In this study, a production inventory problem has been investigated and formulated the corresponding model with dynamic demand and inventory level-dependent partially backlogged shortages. Due to complexity of the corresponding optimization problem, different variants of metaheuristic optimization techniques AQPSO, GQPSO, AGQPSO, T2-AQPSO, T2-GQPSO and T2-AGQPSO have been applied in order to find the maximum average profit of the system. From the sensitivity analyses, it is observed that the development cost for reducing the production of defective units has a good impact on production process as well as to increase the average profit. Hence, it is concluded that the manufacturer must use development technology to reduce the defective item as well as to increase the average profit. Moreover, after analyzing this model, it is observed that if manufacturer imposes the warranty policy of the product, then its impact directly goes to the customers’ demand as well as the average profit. The length of warranty period is dependent on the quality of the products.

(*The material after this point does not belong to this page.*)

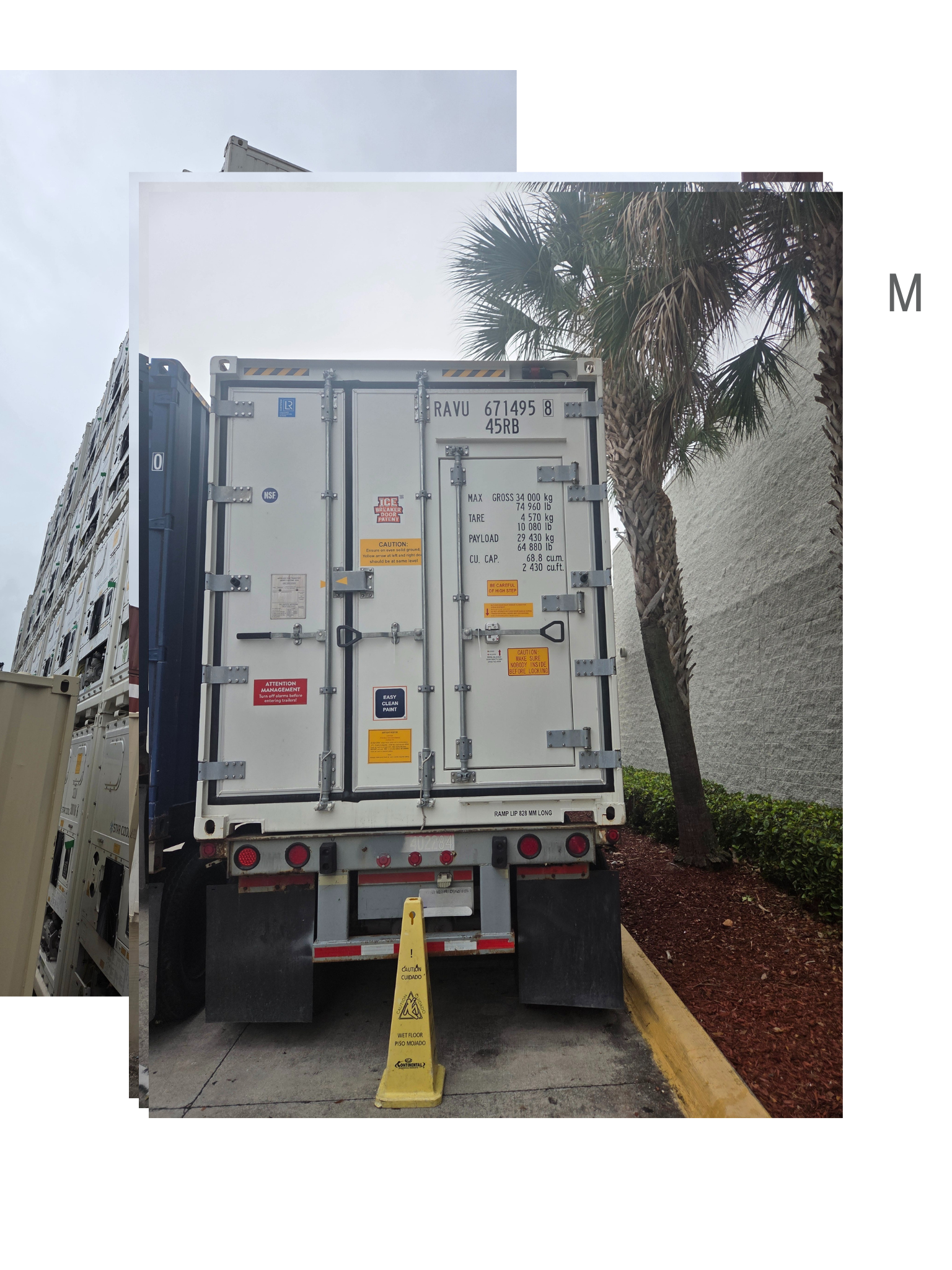 Rear view of a white refrigerated shipping container on a truck, open doors. A yellow cone is on the ground.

So, the manufacturer aims to increase the warranty period for increasing demand rate.

From the numerical experiments and results, it can be concluded that the tournament-based hybrid algorithms stabilize the results of a complicated optimization problem than its parent algorithm with lesser computational costs (i.e., memory allocation, function evaluations, CPU times, etc.)

Fig. 9

Sensitivity with respect to A

Fig. 10

Sensitivity with respect to \(c_b\)

Fig. 11

Sensitivity with respect to \(C_0\)

Fig. 12

Sensitivity with respect to \(\beta _1\)

Fig. 13

Sensitivity with respect to \(\theta _0\)

Fig. 14

Sensitivity with respect to \(w_p\)

Fig. 15

Sensitivity with respect to h

Fig. 16

Sensitivity with respect to \(\alpha \)

9 Limitations and future research scope

Firstly, the proposed methodologies are based on advanced quantum-behaved particle swarm optimization (AQPSO/AGQPSO/GQPSO) and binary tournamenting process. In these methodologies, initially 4 swarms/populations (teams) are considered. Then in different rounds, populations are updated by (AQPSO/AGQPSO/GQPSO). So, there is no scope to compare the efficiencies of the methodologies with respect to convergence diagram. Besides, these methodologies work better with suitable swarm size with suitable generations.

Further, this study can be extended by considering several realistic assumptions such as advance payment scheme, time-dependent production rate, time-dependent demand, trade credit facility, inflation, overtime production, etc. This model may also be extended to take interval-valued demand rate, defective rate and different inventory costs. Finally, anyone can extend this model by taking green production process.